Poderia falar acerca
de como é difícil recomeçar os estudos após quase 20 anos, de
como é difícil deixar diariamente uma família em casa, de como é
cansativo estudar e trabalhar, enfim, tantas coisas poderiam ser
ditas.... Mas não, preferi falar de uma recordação, que de certo
modo me foi inspirada por um tema leccionado na aula de História: a
família ao longo do antigo regime.
A minha história
nada tem que ver com essa época. A semelhança reside apenas no
facto de serem histórias do passado, enterradas no presente. Como
seria bom “desenterrar” a minha história e pô-la em prática
com os meus filhos, que, por sua vez, a contariam aos meus netos e
estes aos meus bisnetos.... numa cadeia sem fim!
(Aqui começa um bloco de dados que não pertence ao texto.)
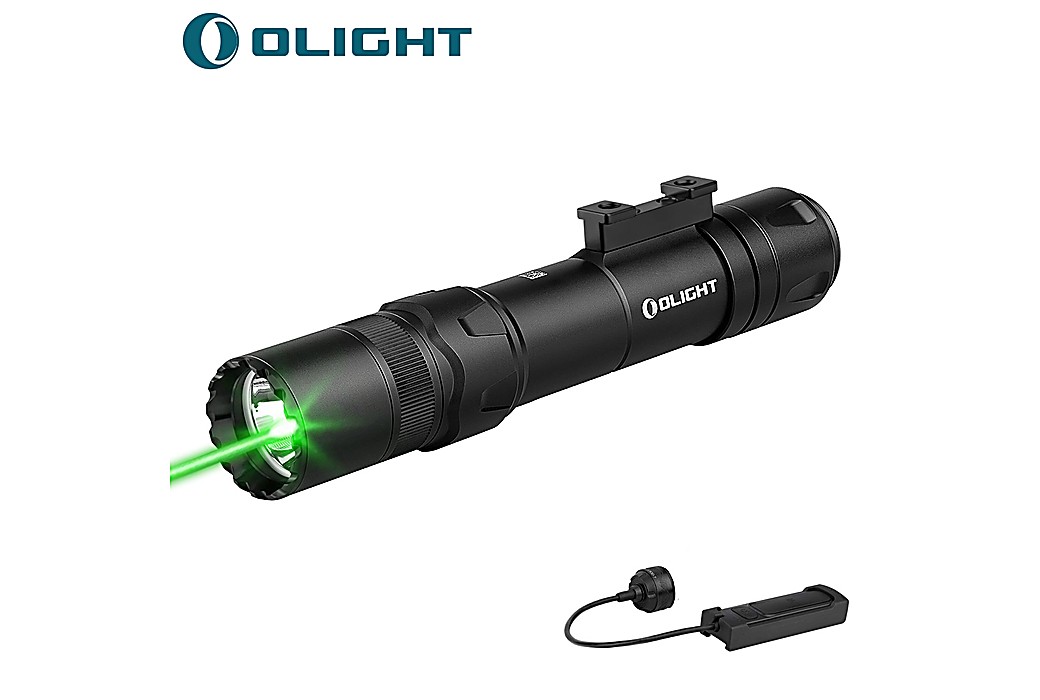 Lanterna Táctica Olight Odin GL M LED 1500 Lumens Laser Verde M-LOK Luz de Arma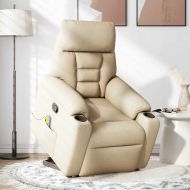 Изправящ масажен реклайнер стол, кремав, текстил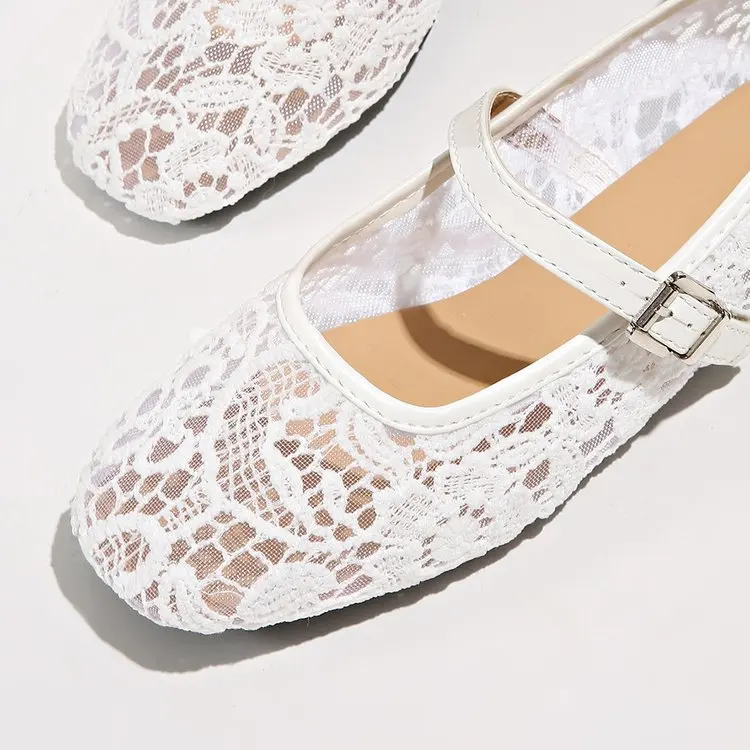 Modische Spitzen-Mary-Jane-Schuhe für Damen Lässige Bequeme Leder-Upgrade-Version Flacher Absatz Slip-On Damenschuhe – Detail 13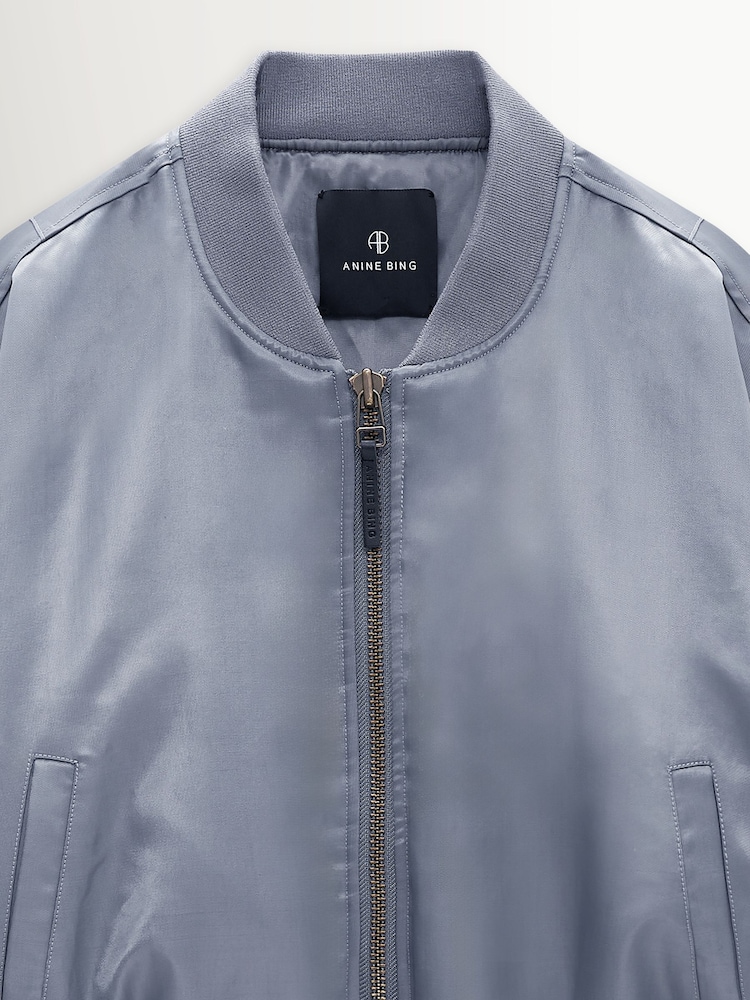 ANINE BING Grey Deep Leon Bomber Jacket - Image 5 of 5
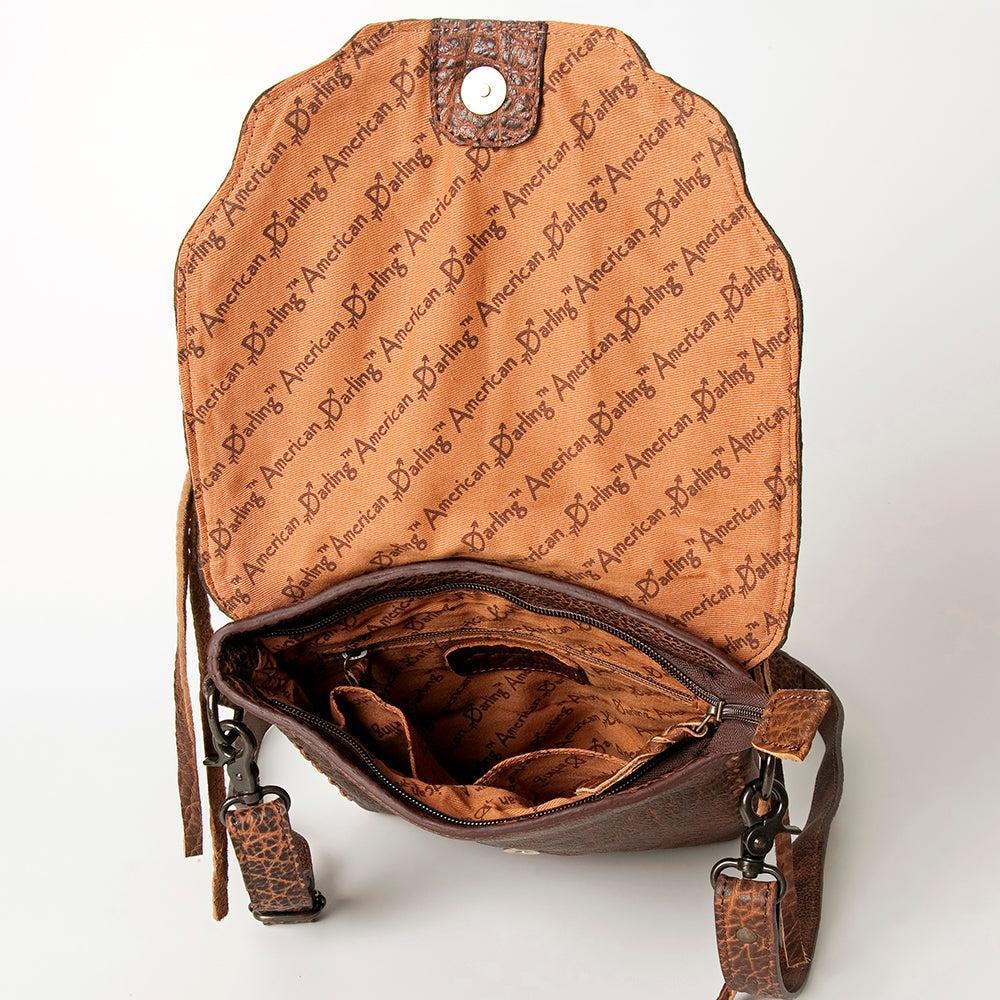 American Darling Hand-Tooled Genuine Leather Crossbody Bag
Mas não... Não é
possível parar o progresso.... Nós não temos mais tempo para
falar... Não temos tempo para respirar a brisa matinal... para
inspirar o cheiro da terra molhada pela chuva após um dia quente de
verão. Não temos tempo.... Não temos tempo para coisas
supérfluas e sem promoção!...
Nasci há 39 anos
numa aldeia da Beira Alta, onde o despertador era o canto dos
rouxinóis e o barulho dos carros de bois na calçada, onde
adormecia ao som do cri cri dos grilos e do piado dos mochos. Lá
não havia stress, nem psicólogos para as crianças, não
havia Dragon Balls, Pokémons, nem jogos de vídeo,
nem computadores, não havia status nem fingimentos, quase
não havia televisões e telefones... Um ou dois.
Bem pequenina saí
daquela aldeia, levada para a grande cidade pela minha mãe. Ainda
me lembro que, nos meus tenros 4 anitos, olhava o horizonte e
tentava visualizar aquela pérola perdida. Lá voltei todas as
férias do Natal, da Páscoa e nas férias grandes (sempre tão
esperadas), enquanto os meus avós foram vivos, levada, é claro,
pela minha mãe, pois era o nosso paraíso.
À noite, não se
ligava a televisão, pois em casa dos meus avós não havia. A minha
avó contava histórias, cantadas com voz aguda, de mouras
encantadas, de amores atribulados que sempre acabavam bem e de
ladrões que roubavam os ricos para dar aos pobres. O meu avô lia
passagens da Bíblia e fazia-nos reflectir sobre elas. Eu e as
minhas irmãs representávamos peças de teatro improvisadas, que
eram aplaudidas com um entusiasmo e um carinho, que só os
corações puros podem ter, e que tanta segurança e contribuição
deram para a construção da minha pessoa.
Como havia tempo para
tanta coisa? Os meus avós não trabalhavam 7 ou 8 horas... Saíam
para o campo ao amanhecer e voltavam ao anoitecer, almoçavam nas
terras e regressavam com uma disponibilidade total, que os levava a
responder a todas as nossas perguntas. Ao recordar-me, agora,
lembro-me que a minha avó pendia com a cabeça para a frente,
enquanto cantarolava as suas cantatas e o meu avô endireitava as
costas num esgar de dor, rendidos pelo cansaço, mas não paravam,
cumprindo dia após dia a missão, pois eles eram a nossa televisão
de hoje...
Na aldeia todos eram
“tios” e “tias”, todos riam quando os outros riam, todos
choravam quando os outros choravam. Havia pobreza e fome naquela
aldeia, como ainda hoje há na nossa cidade, mas aqui ninguém faz
mais uma chávena de arroz, ou mete mais 2 ou 3 batatas na panela,
ou acrescenta a sopa, para saciar a fome de quem bate à porta, numa
noite gelada, como fazia a minha avó.
Partilhei muitas
vezes a mesa, ao jantar, com pessoas desconhecidas e mal vestidas, a
quem o meu avô dava dormida e um voto de confiança, em noites de
inverno. Quem o faria hoje? Onde nos levará este nosso mundo?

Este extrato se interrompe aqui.